It's about confrontation through escape. It's about scaring your mind into another placer. Horror is a very potent form of fantasy. You confront images of life but a masquerade of it. There is an art to the horror movie or the haunted house, to black metal, to Halloween costumes, the jack-o-lantern. It reminds you of the world's borders. The darkness, the impossible does. And then we see the world we live in from a different vantage as if we looked into the black night hard enough and saw that backs of our own heads. We're all frightened, at least most of us are, of death and a lot else. Horror as an art is escapism but it's an escape to our fears, which is very different than other kinds of fantasy.
We're all scared and many of us don't know what we're scared of, the things we can't quite think about, the dreams we can't remember. In the Halloween movie credits, Michael Meyers is referred to as "The Shape." He's as bland a villain as there can be. Pure white mask, no motive, no weakness, no qualities. He just kills. He is an empty shape, a container for our dread. Anxiety, depression, guilt, loneliness, the things that lay in a ragged pile at the dim end of the hallway, are given names and faces in horror. Freddy, Michael Meyers, Dracula, Bob.
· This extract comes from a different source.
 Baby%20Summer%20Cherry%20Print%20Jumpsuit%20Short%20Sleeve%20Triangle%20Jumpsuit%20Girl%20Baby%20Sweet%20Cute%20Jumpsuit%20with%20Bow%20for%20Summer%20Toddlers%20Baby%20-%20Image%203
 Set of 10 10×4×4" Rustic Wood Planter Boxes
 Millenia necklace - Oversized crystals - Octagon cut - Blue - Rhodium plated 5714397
I'm tempted to write off Halloween celebrations like trick or treating and getting drunk in skimpy outfits as some kind of perversion of Halloween, but both actually maintain the same idea that I like about Halloween. Going to a bar with zombies and nurses and superheroes names what's unreal in the world. Halloween is the signpost at the border of the Twilight Zone, making realit that much more acute when it's woken up to in the morning.